▶ **Task item**:
Your answer should be the lines below from the one with "VELA DE ANIVERSÁRIO" to the one with "Мужская повседневная модная", both included, given again exactly and with nothing added.

Items from a dataset:
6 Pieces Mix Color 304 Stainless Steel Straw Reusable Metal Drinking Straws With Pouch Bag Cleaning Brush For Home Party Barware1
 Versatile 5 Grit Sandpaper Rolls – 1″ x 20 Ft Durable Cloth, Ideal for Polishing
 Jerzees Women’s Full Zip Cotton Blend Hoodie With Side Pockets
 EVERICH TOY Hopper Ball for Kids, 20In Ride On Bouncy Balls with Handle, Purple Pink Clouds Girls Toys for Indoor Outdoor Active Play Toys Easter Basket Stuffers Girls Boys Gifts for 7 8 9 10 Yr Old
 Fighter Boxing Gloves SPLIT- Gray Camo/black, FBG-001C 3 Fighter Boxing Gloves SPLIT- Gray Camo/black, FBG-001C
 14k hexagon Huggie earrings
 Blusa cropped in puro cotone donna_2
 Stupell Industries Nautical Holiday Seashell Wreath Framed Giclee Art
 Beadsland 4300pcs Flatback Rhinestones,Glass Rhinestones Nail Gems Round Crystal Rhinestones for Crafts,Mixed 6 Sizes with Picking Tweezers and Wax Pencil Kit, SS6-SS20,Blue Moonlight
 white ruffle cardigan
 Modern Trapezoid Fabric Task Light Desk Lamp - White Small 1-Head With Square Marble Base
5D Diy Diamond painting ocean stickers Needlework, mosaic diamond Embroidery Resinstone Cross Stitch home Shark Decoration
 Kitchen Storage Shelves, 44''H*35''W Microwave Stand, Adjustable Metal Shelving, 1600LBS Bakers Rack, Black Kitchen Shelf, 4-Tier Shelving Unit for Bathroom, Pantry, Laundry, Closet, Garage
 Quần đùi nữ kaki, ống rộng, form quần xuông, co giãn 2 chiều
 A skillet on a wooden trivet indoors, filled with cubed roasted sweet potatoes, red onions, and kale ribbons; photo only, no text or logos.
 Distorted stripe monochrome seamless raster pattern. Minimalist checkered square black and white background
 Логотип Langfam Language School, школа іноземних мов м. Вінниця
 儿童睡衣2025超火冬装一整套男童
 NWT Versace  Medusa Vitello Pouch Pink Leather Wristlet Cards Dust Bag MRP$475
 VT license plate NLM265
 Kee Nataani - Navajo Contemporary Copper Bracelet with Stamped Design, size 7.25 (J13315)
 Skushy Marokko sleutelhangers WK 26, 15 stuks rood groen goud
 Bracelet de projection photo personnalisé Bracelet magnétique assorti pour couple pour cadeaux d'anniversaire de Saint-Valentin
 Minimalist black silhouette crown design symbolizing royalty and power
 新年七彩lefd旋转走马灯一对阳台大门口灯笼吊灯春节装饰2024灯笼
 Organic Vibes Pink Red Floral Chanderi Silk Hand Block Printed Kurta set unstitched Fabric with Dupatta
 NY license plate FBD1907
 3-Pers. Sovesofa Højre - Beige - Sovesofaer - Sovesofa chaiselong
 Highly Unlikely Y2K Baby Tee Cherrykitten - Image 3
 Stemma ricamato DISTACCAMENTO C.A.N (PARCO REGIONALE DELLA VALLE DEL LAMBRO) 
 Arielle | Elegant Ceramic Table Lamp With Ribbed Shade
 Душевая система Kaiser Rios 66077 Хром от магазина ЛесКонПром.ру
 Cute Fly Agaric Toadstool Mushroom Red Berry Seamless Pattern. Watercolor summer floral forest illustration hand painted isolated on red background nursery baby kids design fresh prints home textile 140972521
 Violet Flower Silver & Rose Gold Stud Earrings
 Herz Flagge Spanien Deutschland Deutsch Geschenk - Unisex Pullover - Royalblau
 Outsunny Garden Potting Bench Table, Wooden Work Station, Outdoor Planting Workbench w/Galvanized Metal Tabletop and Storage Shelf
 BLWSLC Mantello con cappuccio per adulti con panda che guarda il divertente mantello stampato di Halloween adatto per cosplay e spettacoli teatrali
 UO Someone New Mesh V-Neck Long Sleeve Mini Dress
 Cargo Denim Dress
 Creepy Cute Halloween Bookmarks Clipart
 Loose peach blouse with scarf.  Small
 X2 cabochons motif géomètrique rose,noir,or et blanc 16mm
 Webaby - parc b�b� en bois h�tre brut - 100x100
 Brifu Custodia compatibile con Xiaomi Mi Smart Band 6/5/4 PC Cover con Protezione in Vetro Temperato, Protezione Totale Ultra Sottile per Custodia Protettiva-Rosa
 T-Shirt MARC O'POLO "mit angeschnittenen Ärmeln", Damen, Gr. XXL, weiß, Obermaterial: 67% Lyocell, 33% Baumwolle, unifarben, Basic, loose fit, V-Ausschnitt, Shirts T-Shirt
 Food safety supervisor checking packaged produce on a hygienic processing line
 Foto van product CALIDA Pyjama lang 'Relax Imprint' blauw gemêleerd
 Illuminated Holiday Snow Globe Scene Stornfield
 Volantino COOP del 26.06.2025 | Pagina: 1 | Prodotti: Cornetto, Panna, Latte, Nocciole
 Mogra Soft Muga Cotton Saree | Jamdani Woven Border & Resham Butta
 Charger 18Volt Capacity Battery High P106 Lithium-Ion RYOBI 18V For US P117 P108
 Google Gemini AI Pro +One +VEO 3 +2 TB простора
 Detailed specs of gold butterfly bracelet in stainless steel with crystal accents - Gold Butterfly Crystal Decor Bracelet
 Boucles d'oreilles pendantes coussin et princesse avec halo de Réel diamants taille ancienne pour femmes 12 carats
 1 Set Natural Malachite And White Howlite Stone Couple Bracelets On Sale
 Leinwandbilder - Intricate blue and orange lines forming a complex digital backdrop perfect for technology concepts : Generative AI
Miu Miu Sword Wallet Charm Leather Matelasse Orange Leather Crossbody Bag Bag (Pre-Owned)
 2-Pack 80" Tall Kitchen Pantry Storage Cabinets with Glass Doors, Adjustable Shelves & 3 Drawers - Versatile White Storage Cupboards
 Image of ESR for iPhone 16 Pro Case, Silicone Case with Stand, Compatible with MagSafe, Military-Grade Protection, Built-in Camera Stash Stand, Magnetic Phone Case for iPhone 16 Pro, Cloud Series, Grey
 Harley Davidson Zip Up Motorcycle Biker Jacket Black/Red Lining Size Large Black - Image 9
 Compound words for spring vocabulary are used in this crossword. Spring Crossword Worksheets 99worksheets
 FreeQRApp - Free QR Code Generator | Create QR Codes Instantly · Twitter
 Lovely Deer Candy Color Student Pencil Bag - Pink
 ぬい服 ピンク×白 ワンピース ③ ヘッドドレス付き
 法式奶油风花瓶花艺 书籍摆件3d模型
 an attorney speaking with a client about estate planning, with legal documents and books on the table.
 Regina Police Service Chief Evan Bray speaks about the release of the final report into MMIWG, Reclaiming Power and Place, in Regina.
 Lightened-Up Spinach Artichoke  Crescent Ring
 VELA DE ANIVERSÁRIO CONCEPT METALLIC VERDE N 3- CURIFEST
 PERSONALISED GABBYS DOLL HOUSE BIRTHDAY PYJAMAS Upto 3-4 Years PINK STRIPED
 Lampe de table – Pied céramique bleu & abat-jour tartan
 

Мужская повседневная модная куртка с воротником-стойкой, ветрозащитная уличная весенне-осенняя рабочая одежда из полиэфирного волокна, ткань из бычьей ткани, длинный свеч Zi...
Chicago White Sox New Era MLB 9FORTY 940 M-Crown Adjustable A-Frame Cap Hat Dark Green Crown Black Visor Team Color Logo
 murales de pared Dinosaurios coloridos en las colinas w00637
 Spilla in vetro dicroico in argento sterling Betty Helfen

▶ **Your solution**:
 VELA DE ANIVERSÁRIO CONCEPT METALLIC VERDE N 3- CURIFEST
 PERSONALISED GABBYS DOLL HOUSE BIRTHDAY PYJAMAS Upto 3-4 Years PINK STRIPED
 Lampe de table – Pied céramique bleu & abat-jour tartan
 

Мужская повседневная модная куртка с воротником-стойкой, ветрозащитная уличная весенне-осенняя рабочая одежда из полиэфирного волокна, ткань из бычьей ткани, длинный свеч Zi...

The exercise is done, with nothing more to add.